*GOAL OF THE EXERCISE:* Whenever a line carries the word "Quotes", pull it out of the entries.

*DATA SHOWN:*
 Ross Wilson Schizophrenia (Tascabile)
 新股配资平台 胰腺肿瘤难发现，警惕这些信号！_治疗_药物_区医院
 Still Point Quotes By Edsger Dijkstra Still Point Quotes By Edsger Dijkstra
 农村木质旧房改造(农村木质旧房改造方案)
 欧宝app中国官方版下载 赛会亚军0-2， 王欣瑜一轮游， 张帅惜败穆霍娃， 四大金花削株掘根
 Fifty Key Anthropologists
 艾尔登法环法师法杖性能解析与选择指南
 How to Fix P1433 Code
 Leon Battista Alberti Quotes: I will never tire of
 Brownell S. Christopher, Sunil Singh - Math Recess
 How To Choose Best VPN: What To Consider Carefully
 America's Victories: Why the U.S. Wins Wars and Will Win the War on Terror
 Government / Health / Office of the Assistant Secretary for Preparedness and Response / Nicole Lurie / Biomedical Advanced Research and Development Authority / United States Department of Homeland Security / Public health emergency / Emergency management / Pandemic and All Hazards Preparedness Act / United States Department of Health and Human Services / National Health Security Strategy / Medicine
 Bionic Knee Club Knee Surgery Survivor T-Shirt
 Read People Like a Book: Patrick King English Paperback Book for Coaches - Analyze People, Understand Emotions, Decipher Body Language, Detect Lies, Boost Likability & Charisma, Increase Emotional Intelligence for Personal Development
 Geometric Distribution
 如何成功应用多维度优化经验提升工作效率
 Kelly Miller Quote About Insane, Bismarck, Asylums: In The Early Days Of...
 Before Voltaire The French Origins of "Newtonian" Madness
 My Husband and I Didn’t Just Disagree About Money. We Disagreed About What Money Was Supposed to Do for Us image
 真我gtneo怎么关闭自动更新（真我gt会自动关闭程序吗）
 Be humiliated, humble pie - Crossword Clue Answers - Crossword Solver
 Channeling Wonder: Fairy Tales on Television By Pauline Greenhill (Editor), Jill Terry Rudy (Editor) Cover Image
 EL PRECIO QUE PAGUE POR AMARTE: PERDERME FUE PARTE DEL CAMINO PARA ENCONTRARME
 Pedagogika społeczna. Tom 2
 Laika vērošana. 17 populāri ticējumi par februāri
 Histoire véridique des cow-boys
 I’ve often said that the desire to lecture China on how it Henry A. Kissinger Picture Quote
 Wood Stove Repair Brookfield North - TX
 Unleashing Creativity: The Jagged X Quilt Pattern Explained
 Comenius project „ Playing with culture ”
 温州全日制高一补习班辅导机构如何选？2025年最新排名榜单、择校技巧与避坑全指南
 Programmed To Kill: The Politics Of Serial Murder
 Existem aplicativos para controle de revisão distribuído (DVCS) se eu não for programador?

*OUTPUT FOR THIS TASK:*
 Still Point Quotes By Edsger Dijkstra Still Point Quotes By Edsger Dijkstra
 Leon Battista Alberti Quotes: I will never tire of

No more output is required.